High inflation is putting pressure on the central bank to keep raising interest rates. In September the bank hiked its benchmark rate for the fourth time in five months to a seven-year high of 4.5%. Rising prices also seem to be taking their toll on President Rodrigo Duterte's popularity. His diplomatic approach -- criticizing Europe and the U.S. while cozying up to China -- is stirring unease in the international community.
Duterte has criticized conglomerates as hurdles to structural economic reform, but his attitude appears to have softened recently. In July, he attended a birthday party for Philippine Airlines Chairman and CEO Lucio Tan, formerly a target of the president's ire. Duterte's potentially closer relationship to business and the possibility of more inward-looking economic policies could deter foreign investment into the Philippines.
President Joko Widodo has an early lead in the presidential election slated for April 2019, but a corruption scandal involving one of his cabinet members -- Idrus Marham, then-social affairs minister, was named as a suspect in a bribery investigation in August -- could weigh on his chances. The fall of the rupiah and slowing growth may hurt his popularity as well. According to Andy Ferdinand, director of Samuel Securities, the president faces a dilemma. "Raising domestic crude oil prices by reducing fuel subsidies is an effective means for deterring the fall of rupiah. But it would be an unpopular policy that leads to an increase in inflation and burden on the people."

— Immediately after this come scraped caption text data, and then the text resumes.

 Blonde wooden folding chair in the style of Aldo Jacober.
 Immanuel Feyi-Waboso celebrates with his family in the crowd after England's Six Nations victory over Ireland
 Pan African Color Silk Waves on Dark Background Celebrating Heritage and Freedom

The leadership in this communist-ruled country has been promoting free trade and actively seeking foreign capital in recent years, efforts that international investors have welcomed. But here, too, signs of protectionism have started to emerge, for example in the auto industry. Earlier this year, the government raised the safety certification requirements for imported vehicles, a move that disrupted shipments to the country. In another red flag for foreign investors, JXTG Nippon Oil & Energy's plans to construct a refinery in Vietnam were thrown into disarray recently when its local partner pulled out of the project.

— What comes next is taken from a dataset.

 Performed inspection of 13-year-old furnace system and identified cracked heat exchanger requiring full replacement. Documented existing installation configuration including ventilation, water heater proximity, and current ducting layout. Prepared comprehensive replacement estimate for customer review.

More than four years after the coup, the military junta remains in power. A general election is expected next year, but the exact timing is yet to be decided, and the poll has already been pushed back several times. But despite the rapidly growing political uncertainty, there is little sense of a crisis in the country, as the baht remains more stable than other Southeast Asian currencies. The country's growth rate, however, is relatively low compared to fellow members of the Association of Southeast Asian Nations, adding weight to the argument that Thailand has fallen into the "middle-income trap."
Former Prime Minister Thaksin Shinawatra, now living in exile, still has a strong influence among voters, mainly in rural areas. Sources in the country, including an economist for a U.S. investment bank, warn that tensions between his supporters and the military regime are quietly growing.
A wave of optimism accompanied the return of 93-year-old Prime Minister Mahathir Mohamad to power after the May 9 election. But although the economy is doing well, that is largely due to temporary factors, such as the abolition of the goods and services tax. Yuta Tsukada, deputy chief researcher at the Japan Research Institute, said, "The realization of [structural reform] requires a lot of pain for the people, and the power of Prime Minister Mahathir, who once guided Malaysia to a high growth with strong leadership, will be tested." An important issue in the near future will be ensuring policy consistency between the governments of Mahathir and Anwar Ibrahim, the man widely expected to succeed him as prime minister.